TANI VE TEDAVİ YÖNTEMLERİ
İşitme kaybının yanlışsız halde tanımlanması ve değerlendirilmesinin uygun tedavi sürecinin başlaması için son derece değerli olduğunun altını çizen Op. Dr. Kulaksız, “İşitme testleri, odyolojik incelemeler ve başka teşhis prosedürleri, işitme kaybının cinsini, şiddetini ve altında yatan nedenleri belirlemek için kullanılır” biçiminde konuştu.
İşitme kaybının tedavi edilebilir yahut yönetilebilir birçok nedeni olduğuna işaret eden Op. Dr. Kulaksız, işitme aygıtları, koklear implantlar, cerrahi müdahaleler ve ilaç tedavisi üzere seçeneklerin işitme kaybının farklı çeşitlerine yönelik tesirli tedavi yolları olduğunu lisana getirdi.
“İŞİTME KAYBI ÖNLENEBİLİR”
İşitme kaybının birtakım nedenlerinin önlenebilir yahut azaltılabilir nitelikte olduğunu aktaran Op. Dr. Kulaksız, “Bu yüzden hami tedbirler almak, işitme sıhhatini korumak için son derece değerlidir. İşitme gözetici aygıtlar, sağlıklı işyeri siyasetleri, şuurlu gürültü idaresi ve işitme sıhhatini destekleyen ömür biçimi seçimleri üzere stratejiler, işitme kaybını önlemede tesirli olabilir” sözlerini kullandı.

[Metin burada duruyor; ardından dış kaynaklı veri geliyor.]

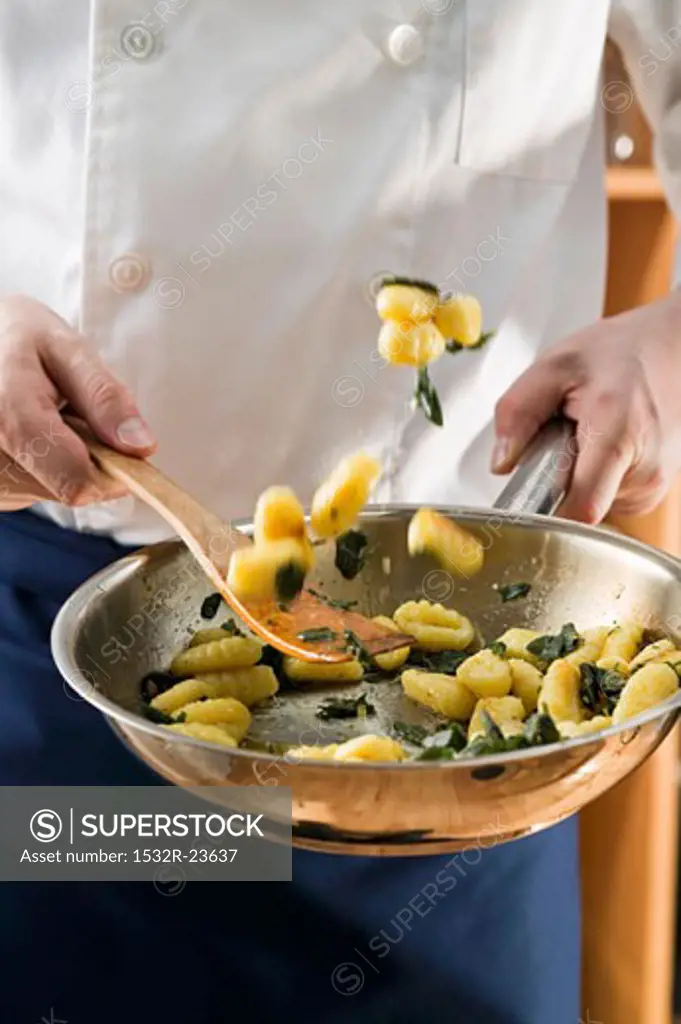 Tossing sage gnocchi in a frying pan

İşitme kaybının bireylerin hayat kalitesini ve iş ömründe muvaffakiyetlerini etkileyebilen değerli bir sorun olduğunu kelamlarına ekleyen Op. Dr. Kulaksız, lakin hakikat teşhis, tesirli tedavi seçenekleri ve gözetici tedbirlerle işitme kaybının tesirlerinin azaltılabileceğini belirtti.